Karen Dow was at Parliament yesterday to present a petition calling for roadside drug testing - a petition Stuart Nash indicated late last year may be unnecessary, as the government was already well down the track.

But yesterday Mr Nash said he couldn't recall saying that, later clarifying a document had only been approved in principle.

The situation came to a head after Ms Dow, whose son Matthew was killed by a drugged driver, yelled at Mr Nash from the public gallery.

Long-serving National MP Nick Smith accused the Speaker Trevor Mallard of being "soft on drugs, like the government". As a result, Mr Mallard named Mr Smith in Parliament yesterday - one of the most severe punishments a Speaker can hand out.

Dr Smith has been suspended for one day, which means he's barred from having his vote cast, from sitting on a select committee, and from even entering the debating chamber.

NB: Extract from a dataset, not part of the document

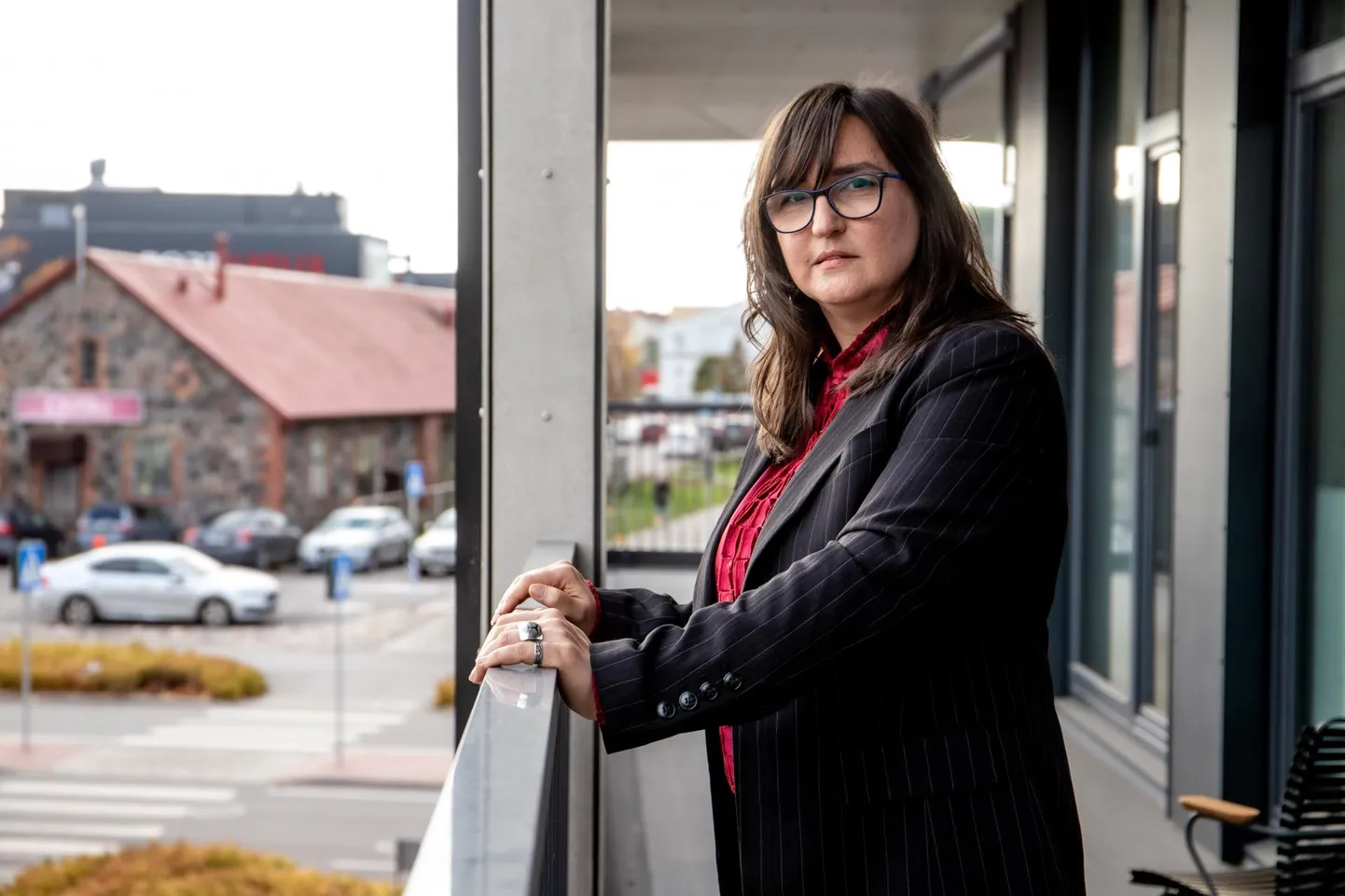 Psühholoog ja terapeut Lilli Kull tunnistab, et tedagi on puudutanud ellujäänu süütunne. Ta ei suutnud alguses rõõmu tunda siinsest ilusast kontorist ja mugavusest. Ta tundis, et ta põgenes, ehkki pidanuks olema Ukrainas. Siin kaasmaalasi aidates annab ta aga oma panuse.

When she launched that petition at the end of last year, Mr Nash said a discussion document on the topic had already been approved by Cabinet, and would go for consultation early this year.

Ms Dow told First Up she was disappointed by Mr Nash's "lack of memory".

"I felt that we lived in a democratic country and voters should have confidence in MPs and statements that they openly make to the press."

Ms Dow said she had felt encouraged by Mr Nash's earlier indication that the Government was working on the issue.

"For that to be basically retracted is insulting, really."

She said she was also concerned by the way the Speaker "shut things down" and felt that he was biased.

"My understanding is [he's] supposed to be impartial, a bit like a judge in a court."

Ms Dow said Mr Nash needed to "man up" and stand by what he said.

"If you made the comment in error, when things hadn't been formalised, admit your mistake and apologise to New Zealand.

"Not just to me, Mr Nash, because I took your word as a man of integrity, a man representing New Zealand Police, representing Kiwi voters - and we just want transparency."